The probability for win and loss is 50%. There is no (pixel money) fee or anything that would change the expected value to anything else than 0$ in the long run.
B-but I'd like to profit from it so I thought of a simple (!) strategy, but I am not proficient enough in math to know 'how' to check, if it is a winning, losing or neutral strategy.
I'd appreciate the thoughts of you!
The bankroll would be 100€.
1)
I'd bet 1€.
If I lose my bankroll would become 99€ and I'd start a new bet with 1€.
If I'd win, I wouldn't add the won dollar to my bankroll, but bet 2€. (bankroll still at 99€, 1€ of original bet and the 1€ won)
2)
If this 2nd bet is a loss, I'd start with an 1€ bet (and 99€ bankroll) again.
If the 2nd bet is a win (4€ now), I'd put 1€ into my bankroll (now 100€) and bet the other 3€.
3)
If the 3rd bet is a loss, I'd start with 1$ again (bankroll 100€).
If the 3rd bet is a win (6€ now), I'd put 2€ into my bankroll (now 102€) and bet the other 4€.
4)
If the 4th bet is a loss, I'd start with 1$ again (bankroll 102€).
If the 4th bet is a win (8€ now), I'd put 3€ into my bankroll (now 105€) and bet the other 5€.
5)
If the 5th bet is a loss, I'd start with 1€ again (bankroll 105€).
If the 5th bet is a win (10€ now), I'd put 4€ into my bankroll (now 109€) and bet the other 6€.
.... ....
and so on
I am not sure how I could explain my (simple) thought process better in english or math.
A win streak of 5 would make be enough to cover 9 losses.
But on the other side I'd need need at least 2 wins to get break even, 3 wins for profit. Everytime I only win once, I'd bleed money.
So I wonder what would be the expected value after 100 / 1000 tosses.
I'd appreciate any thoughts on this!
Have a nice day!
Tracking what happens up until your first loss, if it occurs on the first or second toss (probability $\frac34$) you have a bankroll of $99.$ If it's the third toss (probability $\frac18$) your bankroll is $100,$ if it's the fourth toss (probability $\frac1{16}$) your bankroll is $102$ (you seem to have made a small mistake here, $100 + 2 = 102,$ not $103$).

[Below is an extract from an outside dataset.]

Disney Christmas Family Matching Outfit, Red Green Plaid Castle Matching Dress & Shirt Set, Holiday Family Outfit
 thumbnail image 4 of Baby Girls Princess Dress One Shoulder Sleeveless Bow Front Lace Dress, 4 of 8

Your expected bankroll is $$ \frac34 (99) + \frac18 (100) + \frac1{16}(102) + \frac1{32}(105) + \frac1{64}(109) + \cdots = 99 + \frac18 + \frac{3}{16} + \frac{6}{32} + \frac{10}{64} + \cdots. $$
If you work this out as an infinite sum, it's $100.$ Since you want to limit play to $100$ or $1000$ tosses, however, you have only a finite sum, with a larger-than usual last term (because you have to put all your winnings in the bankroll) in place of the infinite tail. If you work this out carefully you should find that it still comes out to $100,$ since all your bets (regardless of timing or size) have zero expected value.